[EXERCISE MATERIALS]:
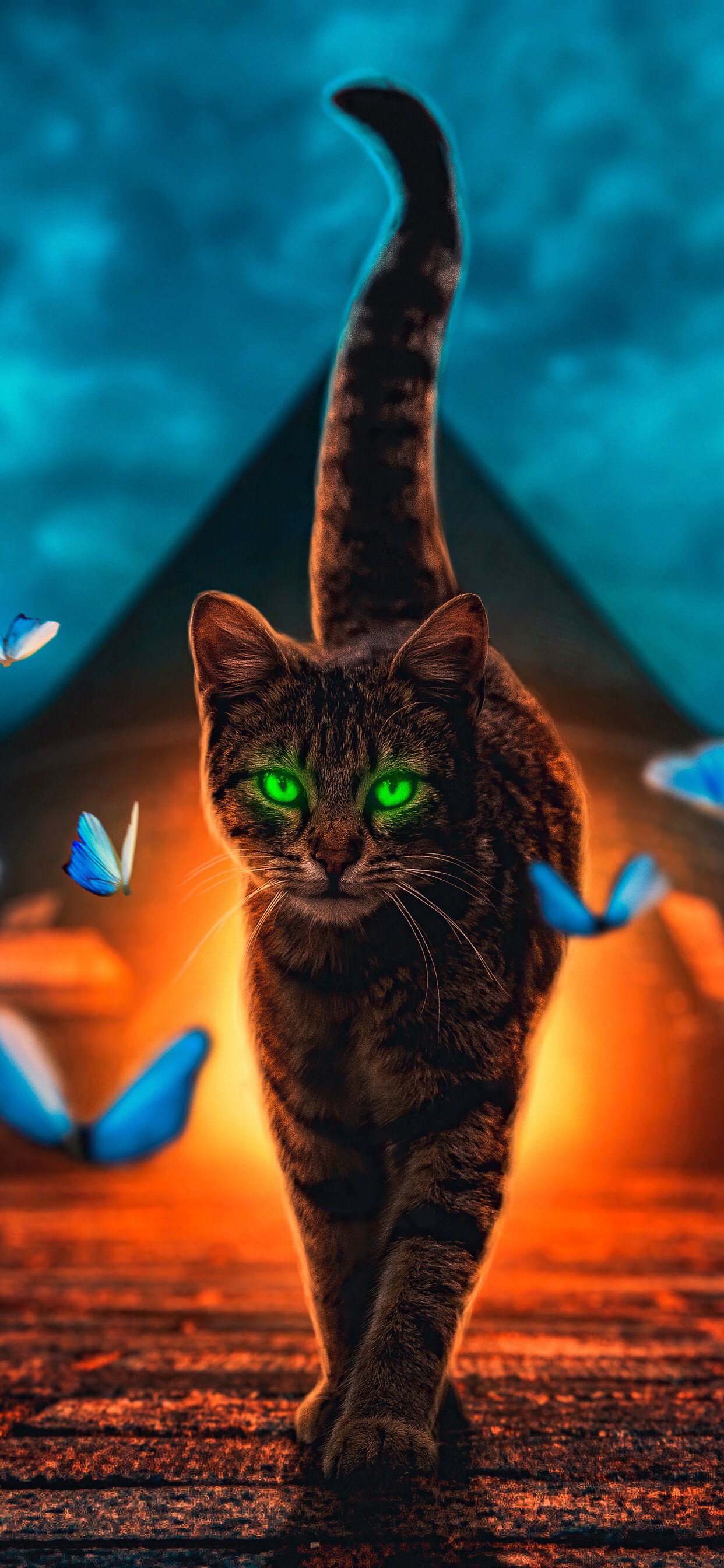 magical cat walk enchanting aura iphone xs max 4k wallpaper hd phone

---

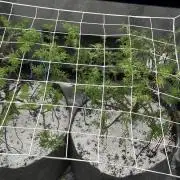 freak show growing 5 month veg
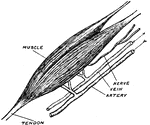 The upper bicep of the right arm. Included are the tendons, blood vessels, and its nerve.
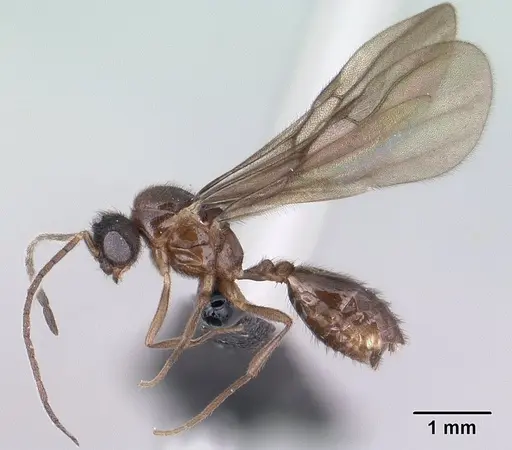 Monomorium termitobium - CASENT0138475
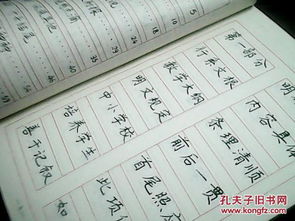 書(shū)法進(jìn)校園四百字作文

[WHAT THE TASK REQUIRES]: The answer is the lines of the material above, from the one containing "freak show growing 5 month veg" down to the one containing "書(shū)法進(jìn)校園四百字作文", given exactly and without images.

[SOLUTION TO THIS TASK]:
 freak show growing 5 month veg
 The upper bicep of the right arm. Included are the tendons, blood vessels, and its nerve.
 Monomorium termitobium - CASENT0138475
 書(shū)法進(jìn)校園四百字作文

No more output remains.